Freestyle BMX rider Alex Coleborn hopes next year’s Olympics can be a game-changer for the sport.
From building his own ramps to representing Great Britain in Tokyo, freestyle BMX rider Alex Coleborn hopes next year’s Olympics can be a game-changer for the sport.
Alex Coleborn has spent half his life on a BMX bike. Having first picked one up as a 13-year-old growing up on Jersey he had to make do “building ramps out of mud” but next Summer he’ll appear on the biggest stage, representing Great Britain in Tokyo when freestyle BMX makes its Olympic debut alongside sport climbing and skateboarding.
It’s been far from an easy ride for the Jerseyman though. At 22 a nasty crash resulted in a broken hip that threatened to end his career just as he was getting started but since then he’s bounced back to podium finishes at competitions across the world including taking silver at the UCI Urban Cycling World Championships in 2017.
We caught up with the freestyler ahead of what could be the biggest year in his career so far.
You grew up on Jersey where there wasn’t much to promote BMX freestyling, I even read that you had to build your own ramps out of mud. What got you from being that kid to competing at the top of the game?
When I was younger BMX was never really a big thing in Jersey so you had to make the best of what you got. In my younger years building ramps out of mud with my mates was where we had fun. I knew that I had a massive passion for the sport from the moment I picked up a bike and started messing around but never would I have imagined it would lead me to where I am today.

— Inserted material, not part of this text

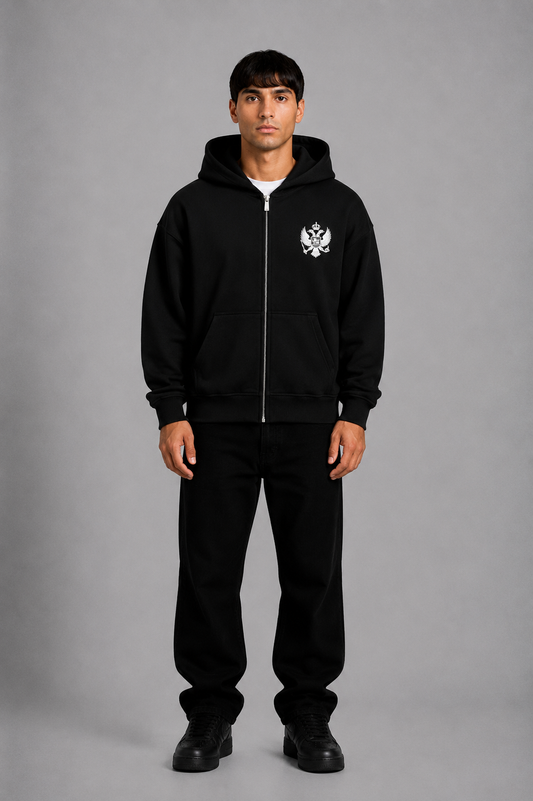 Pelagia Montenegro Zip-Hoodie aus Baumwolle, bequemer Hoodie mit Reißverschluss, in moderner Designoptik.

Where you are today is on the verge of competing at the Tokyo Olympics next Summer. That must be pretty surreal?
Yeah, it’s pretty crazy, it’s been an amazing opportunity so far. Being part of the British cycling team is completely different to anything I’ve ever experienced. The amount of support received, from management to physio is unreal. I still get to do what I love which is BMX so to me it’s not really a different set up more of a bigger support system.
The inclusion of skateboarding in the Olympics is proving really divisive in that community out of fear it’s going to sanitise the sport. Are you worried about that at all for BMX?
I don’t think being in the Olympics is going to change the sport whatsoever. I think it will only do it good. Getting a younger generation of kids into riding, that’s what it’s all about. We do this because it’s what we are passionate about. The hard work and effort every rider puts in deserves its recognition and finally we are able to see that in Tokyo 2020.
Last month you were competing at NASS Festival which really brought together some massive names in music with the best of BMX and Skate. Did you think BMX would ever be so popular as to share a stage with the likes of Cypress Hill?
I think with BMX it’s always growing, there are more people getting involved and I think it’s sick that we can bring together the sport and the music in one weekend.
Freestyling requires taking a lot of risks and being willing to really put your body on the line. What gets you back on the bike when you’ve crashed?
Any sport is going to have risks. I’ve had some pretty nasty crashes over the years but my determination and passion to get back on my bike is the only way to conquer any fear you have.